W pokoju zaległa cisza. Martin Beck pocierał czoło opuszkami palców.

– Nie ma innej możliwości – powiedział w końcu.

– Nie ma?

– Nie.

– Niech tak będzie. Natomiast nic nie wiemy ani o jego wyglądzie, ani o narodowości. Nie mamy odcisków palców, nie mamy nic, co mogłoby go łączyć z morderstwem. Nie wiemy, czy znał Roseannę McGraw wcześniej, nie wiemy, skąd się wziął, gdzie się podział i gdzie jest teraz. – Kollberg był śmiertelnie poważny. – Wiemy cholernie mało, Martin. Czy my w ogóle możemy być pewni, że Roseanna McGraw nie wysiadła w Göteborgu cała i zdrowa? Czy pomyślałeś o tym, że ktoś mógł ją pozbawić życia po rejsie? Wiedział o jej podróży, przewiózł zwłoki do Motali i wrzucił do jeziora.

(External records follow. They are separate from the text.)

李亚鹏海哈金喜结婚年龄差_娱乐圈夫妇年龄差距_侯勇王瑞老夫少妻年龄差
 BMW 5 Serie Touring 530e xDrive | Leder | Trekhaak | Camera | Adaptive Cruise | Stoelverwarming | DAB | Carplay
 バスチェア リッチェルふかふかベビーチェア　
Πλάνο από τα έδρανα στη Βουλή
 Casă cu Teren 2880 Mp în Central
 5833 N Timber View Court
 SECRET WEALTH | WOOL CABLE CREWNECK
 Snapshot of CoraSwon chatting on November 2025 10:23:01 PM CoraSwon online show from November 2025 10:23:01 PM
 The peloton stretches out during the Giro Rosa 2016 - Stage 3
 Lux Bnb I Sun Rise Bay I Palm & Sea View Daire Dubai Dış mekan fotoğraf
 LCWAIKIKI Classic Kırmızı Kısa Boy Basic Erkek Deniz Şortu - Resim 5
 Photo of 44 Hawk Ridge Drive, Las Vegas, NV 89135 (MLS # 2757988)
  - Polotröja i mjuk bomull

– Tak, pomyślałem o tym. To zbyt absurdalne.

– Dopóki nie dostaniemy menu ze statku, przynajmniej teoretycznie nie możemy tego wykluczyć. Mimo że się kłóci ze zdrowym rozsądkiem. Nawet jeśli zdołamy udowodnić, naprawdę udowodnić, że nie dopłynęła do Göteborga, istnieje jeszcze jedna ewentualność: Zeszła na ląd w Borenshult podczas śluzowania „Diany” i zaatakował ją jakiś szaleniec, który szwendał się po okolicy.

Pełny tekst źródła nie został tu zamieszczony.